Somewhere within my angered and damaged soul, I found the answers. I promptly began to taper off 8mgs of clonazepam a day. I actually tapered it at approximately 0.5 to 1 mg per day depending on how I was feeling and my vital signs, knowing that I could not stop a benzodiazepine abruptly and I never considered the risk I was taking, just trying to once again be strong and resilient. What followed is almost unbelievable. I stopped falling immediately and have not had any additional fractures. Dark indescribable depression began to lift. Within two months symptoms of fibromyalgia and insulin resistance attenuated. This would be the impetus to begin tapering off the remainder of my psych meds. Two of them I felt I could just stop, which I did, and luckily with no problems. The last one, Zoloft, I was not as lucky with, as every time I attempted to discontinue this medication the ensuing rage was indescribable and horribly frightening. It took me four separate reinstatement attempts, and finally a slow taper over a few months time. My psychiatric medication withdrawal attempts pale in comparison to many other survivors. The hell for me was while I was still a compliant patient always doing what I was told by doctors, trying to get well. Even though my withdrawal experience seemed somewhat less intense by comparison, it was at times sheer torture. The 1-2 years following the discontinuation of the psychiatric meds, I experienced intractable insomnia when at times I literally did not sleep at all for days at a time. I developed spontaneous and mysterious rashes with the most maddening itching for which nothing provided relief. The mood swings were like nothing I had ever known. I experienced a phenomena known as paranosmias, in which I would smell smoke when there was none. This was horrible and distracting to endure and persists at times even now. I also experienced cardiac symptoms of tachycardia, and palpitations that were so significant I required a complete cardiac workup that revealed no cardiac pathology, but was simply my body attempting to return to normalcy after nearly two decades of being labeled mentally ill and terribly over medicated.

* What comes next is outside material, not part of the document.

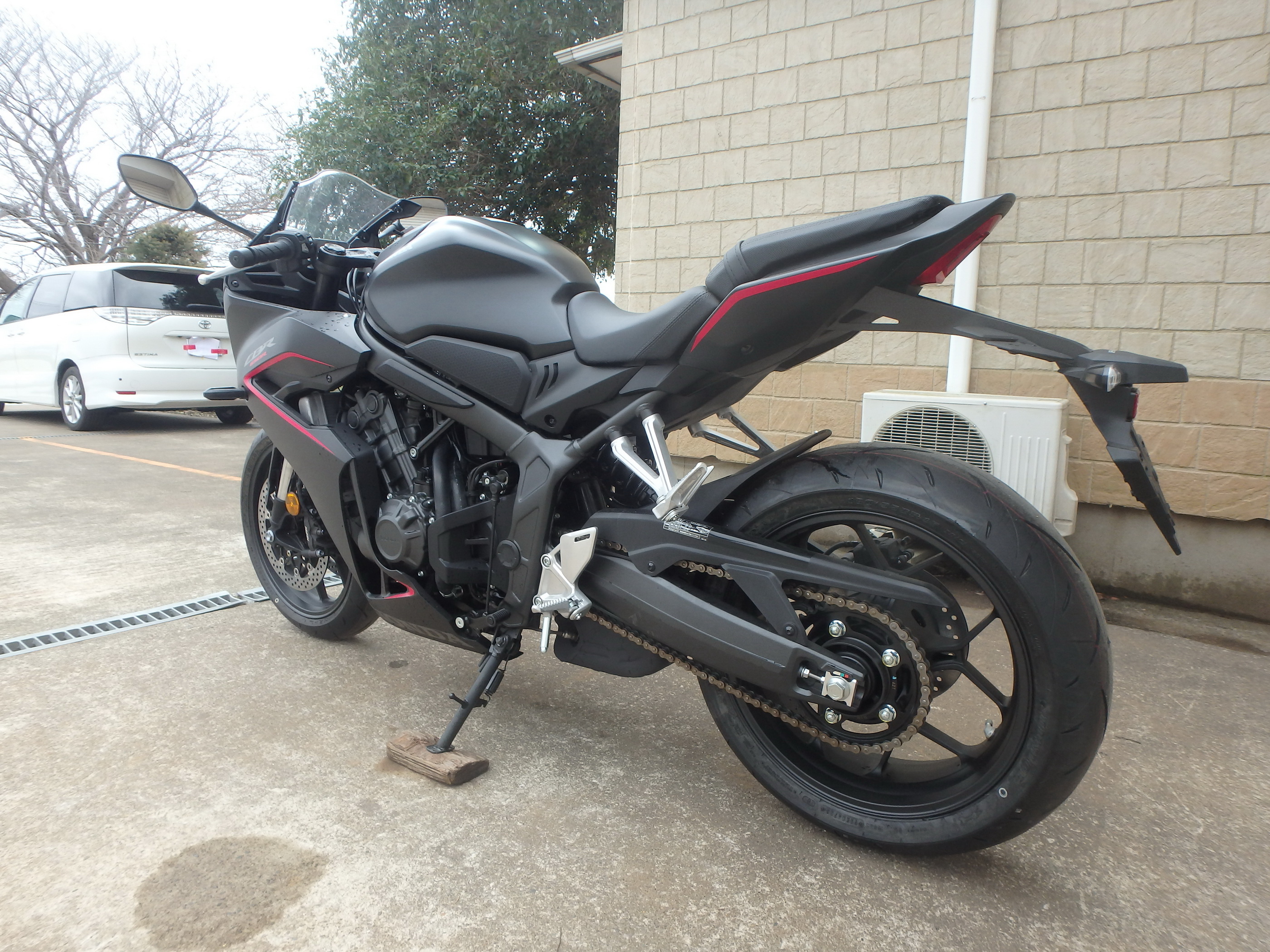 Buy bike Honda CBR650R-2 2024 ôîòî 6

My last hospitalizations was October 2012 and it has now been over four years off of clonazepam and all the other psychiatric meds. The last four years have been painful and full of many challenges. I grieve for what could have been every day of my life. It has been a lonely and often solitary journey. I lost my profession and the trust in a profession which I was a part of is gone and the feeling of betrayal is beyond words. I lost my financial independence, my fiends, and for a time, even my family relationships, due to the destruction by these medications to my physical and emotional health. As time progresses the damage done by psychiatric medications is indeed obvious in so many ways, physically, emotionally, cognitively and socially. I have to pay close attention to every aspect of maintaining my physical and emotional health. I am working to rebuild the relationships with my family. Each day brings me closer to the realization that I will never be able to work in my profession again. I try not to spend my days dwelling on what could have been and feeling embarrassment and shame for what happened, but yet building on the knowledge and insight I have gained from these experiences and finding joy in things that once may have been overlooked. My hope is that my struggles have not been in vain and that by sharing a small part of what I went through will prevent others from succumbing to similar pain and suffering.
Thank you Miriza for your incredible talent, insight and humanity. I am grateful for the opportunity to be a part of this important project.